As in Dogville, Grace once again struggles against an entire community. But unlike Dogville’s townsfolk, each with their own agenda, the Black people on the Manderlay plantation stand together. Expecting they won’t be accepted by mainstream society for a long time, they choose a parasitic existence within Manderlay — and they need a white puppet. At that moment the ideal candidate, Grace, appears. The elderly white mistress kindly warns Grace to burn a certain book, but Grace, full of righteous certainty, assumes no slaveholder can be good and believes the mistress merely wants to destroy evidence of whites enslaving Blacks.
From the moment a young Black woman begs Grace for help to the moment Grace finally leaves, she is trapped within a scheme designed by this seemingly weak, servile, and ignorant group. Manderlay becomes a stage tailor‑made for Grace; she is run in circles by the very people she strives to liberate.
Young and idealistic, Grace is first deceived by the old Black slave sobbing at the white mistress’s bedside, taking it as proof that these people are fully enslaved in body and mind.
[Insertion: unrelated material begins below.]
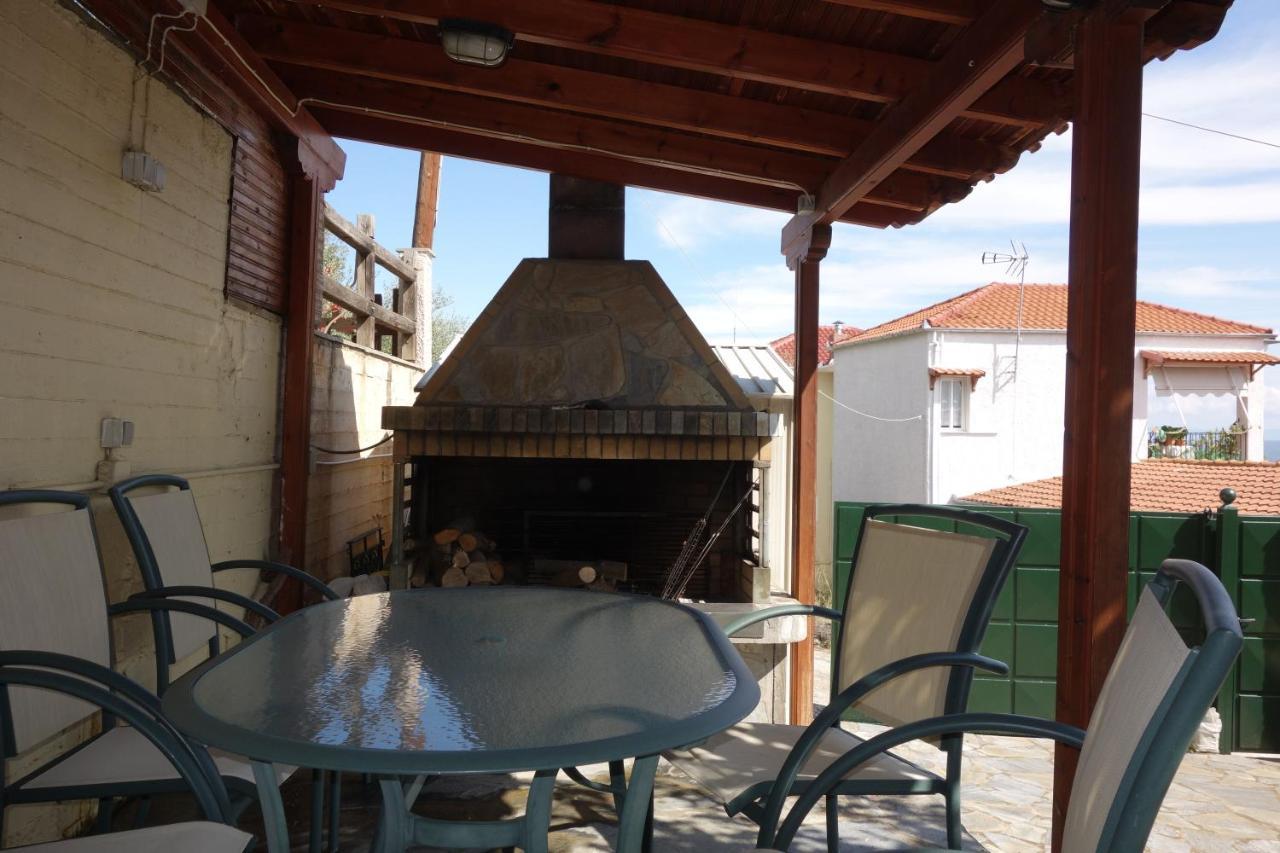 Beach Front House With View Marathos  Экстерьер фото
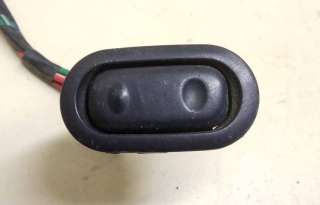 Кнопка стеклоподъемника задней Mazda 626 GE 1993г.  - Фото 2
In truth, he merely mourns the loss of a white puppet. Grace is then used as executioner to get rid of infants and old women who “eat but do not work.” In the end, she must also cover for Timothy — the most adept at deception, gambling, laziness, and lust — by hiding the fact that the cotton proceeds were gambled away.
When the truth finally comes to light, Grace grows up a little and escapes Manderlay.
Nor is Grace’s father immune to deception. Trusting his daughter too much, he mistakes the scene of Grace whipping a Black slave — done out of humiliation at being duped — as proof that she has learned to wield power to punish slaves. Relieved, he turns and leaves.
Seeing isn’t necessarily believing. What you see may be exactly what others want you to see — or what your own heart wants to see. Many of us are like Grace: busy every day trying to reform others, instead of reforming ourselves.